Afrique France Opinion

LA FRANCE ET SA MARMITE SALE D’AFRIQUE

« Je suis Ragnimwendé Eldaa Koama. Je suis africaine, je suis burkinabé. Je suis intègre.

Nul besoin de vous préciser que mon interpellation sera celle de la vérité, de la sincérité et de la franchise. Sans filtre, monsieur le président.

Mon point va s’articuler autour de tous ces imaginaires-là. Et s’il s’agit de parler des imaginaires et de ses concepts faux, incompatibles avec la réalité de nos peuples, il faudra surtout parler du vocabulaire dépassé, inadapté, dévalorisant qui réside encore dans vos discours et dans celui de vos institutions, lorsque vous vous adressez à l’Afrique ou lorsque vous levez des fonds pour « aider » l’Afrique.

Parmi ces expressions il y en a une qui retient mon attention tout le temps et qui me dérange. « L’aide » au développement.

Monsieur le président, l’aide tant qu’elle n’aide pas, tant qu’elle n’amène pas à se départir de l’aide, comme le dit Thomas Sankara, il faut s’en débarrasser. Car l’aide, ce type d’aide là, rend esclave. Ce type d’aide là empêche les populations de s’en sortir par elles-mêmes, par leur propre capacité. Parce que qu’elles peuvent le faire, monsieur le président, et vous devriez le savoir. Le meilleur est en chacun d’entre nous, quelle que soit notre origine.

Je continue donc, pour vous citer ici, ce que feu Joseph Ki-Zerbo un intellectuel africain que vous connaissez certainement puisque vous lisez beaucoup… Il a dit et je cite : « On ne développe pas, on se développe » – fin de citation. Alors, si on ne développe pas, on ne peut pas non plus aider à développer.

Ça fait près d’un siècle que l’aide au développement se balade en Afrique. Ça ne marche pas.

Sachez que l’Afrique se développera par elle-même. Par le potentiel local et celui de la diaspora et certainement dans l’interdépendance avec les autres nations de la planète. Mais surtout à travers des collaborations saines. Je répète, SAINES. Transparentes. Constructives. Il y a des textes. Il y a des têtes bien faites, des investisseurs aussi en Afrique. Nous innovons déjà en Afrique et si ce n’est pas co-constructif, dans cette relation qu’on imagine, on n’en veut pas.

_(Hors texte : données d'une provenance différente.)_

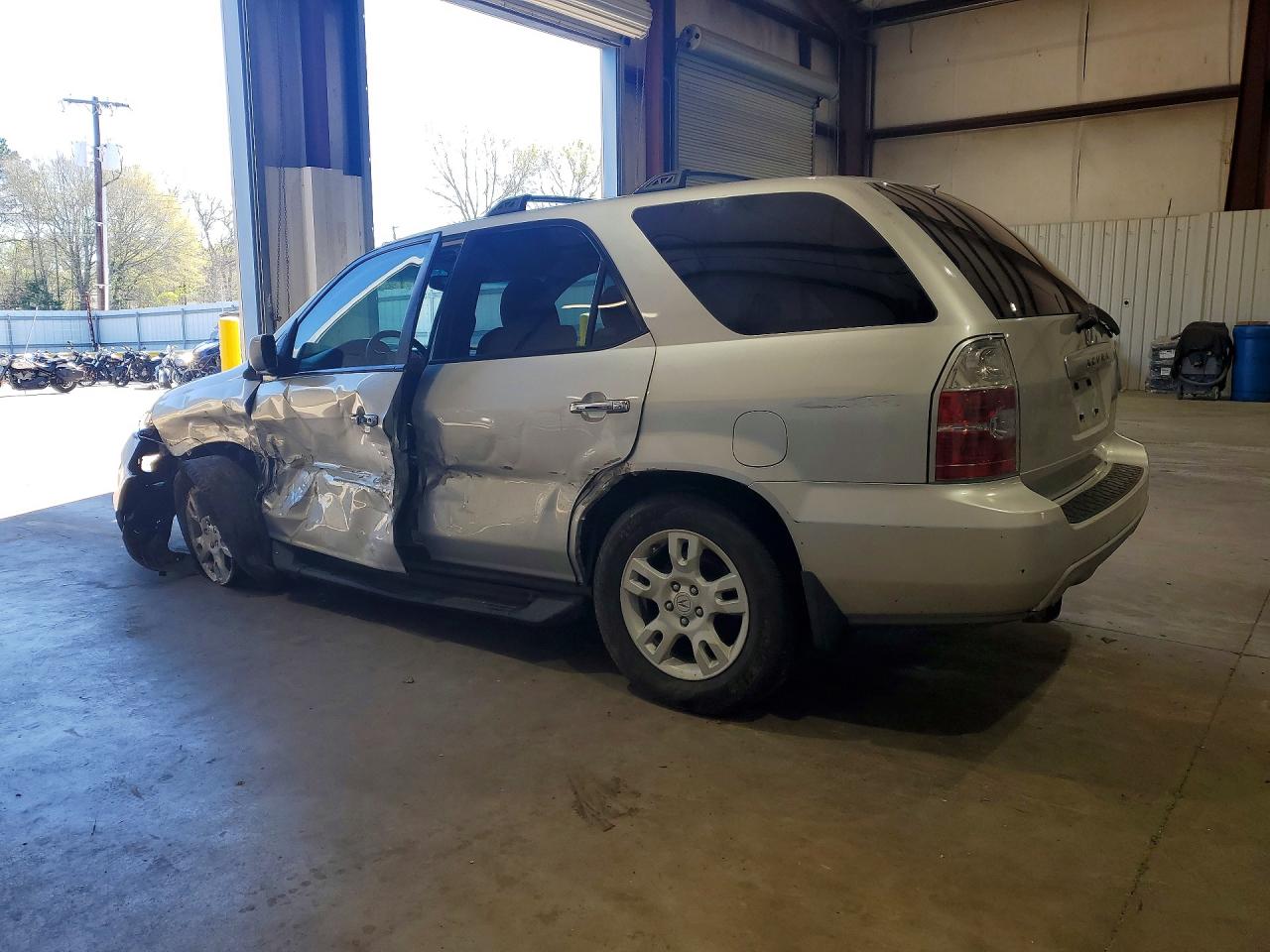 2005 Acura Mdx Touring Silver vin: 2HNYD18625H559620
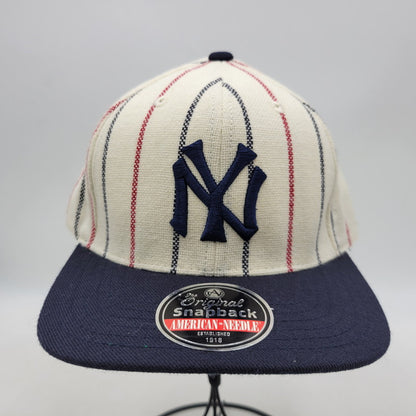 【中古品】【メンズ/レディース】 AMERICAN NEEDLE アメリカンニードル COOPERSTOWN クーパーズタウン NEW YORK YANKEES ニューヨーク ヤンキース SNAP BACK CAP スナップバックキャップ 帽子 185-251108-ya-11-izu サイズ：F カラー：ホワイト/ネイビー 万代Net店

C’est donc fini les expressions « Sauvons l’Afrique », « Aidons à développer l’Afrique, il y a tellement de misérables là-bas », c’est fini Mr le président.

Alors si on doit vivre ensemble et il le faut absolument, ce sera dans l’interdépendance mais aussi et surtout, dans le respect et la valorisation des uns et des autres.

Monsieur le président vous avez voulu ce sommet différent, vous nous avez appelez, nous, société civile, tout en sachant bien que tout ce qu’on peut faire c’est dire ce qu’on pense. Vous, vous êtes un président, vous pouvez prendre des décisions ; que chacun prenne ses responsabilités dans ce sommet.

Monsieur le président je vais vous proposer des actions concrètes.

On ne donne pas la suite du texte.